Over the last two decades, the automotive industry has advanced massively, that coupled with a number of steps taken by the government to meet carbon emissions targets have seen the number of classics on our roads dwindling.


There was the scrappage scheme, the removal of 4-star fuel and of more recently the announcement of new e10 fuel which could mean extensive mechanical modifications for classic cars.

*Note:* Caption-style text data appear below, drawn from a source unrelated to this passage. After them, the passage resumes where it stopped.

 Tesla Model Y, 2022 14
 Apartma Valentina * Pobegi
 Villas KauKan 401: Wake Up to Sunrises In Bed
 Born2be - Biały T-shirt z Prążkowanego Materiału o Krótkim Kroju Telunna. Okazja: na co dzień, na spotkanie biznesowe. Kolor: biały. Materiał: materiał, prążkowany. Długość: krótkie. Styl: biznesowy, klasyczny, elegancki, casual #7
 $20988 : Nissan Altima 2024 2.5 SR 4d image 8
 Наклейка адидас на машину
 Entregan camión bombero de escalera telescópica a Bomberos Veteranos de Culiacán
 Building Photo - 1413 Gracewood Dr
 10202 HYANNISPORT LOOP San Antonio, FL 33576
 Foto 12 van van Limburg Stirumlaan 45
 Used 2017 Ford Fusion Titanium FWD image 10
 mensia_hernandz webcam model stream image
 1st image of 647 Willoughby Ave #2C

Many cars of the 90s no longer exist, destined to the scrap yard, traded in under a scrappage scheme which saw large discounts for people purchasing a new, more efficient vehicle which was aimed to help boost the economy from the recession and help the country meet emissions targets.


Cars used to be much simpler than they are today, as with most other industries like white goods, nothing is built to last in the way it once was. Cars are made to be largely recyclable and rely on computer systems which make them notoriously difficult to fix at home. When I was younger my dad had Haynes manuals and managed to repair cars himself on the driveway. Today, that’s a difficult task. If a light pops up on the dashboard, we take our vehicle to the garage, where a mechanic plugs it in and diagnoses a fault. These electronic onboard computers can make vehicles more expensive to repair, even changing a tyre can trigger computer faults due to sensors. Which begs the question, how many of today’s cars will still be around in thirty to forty years?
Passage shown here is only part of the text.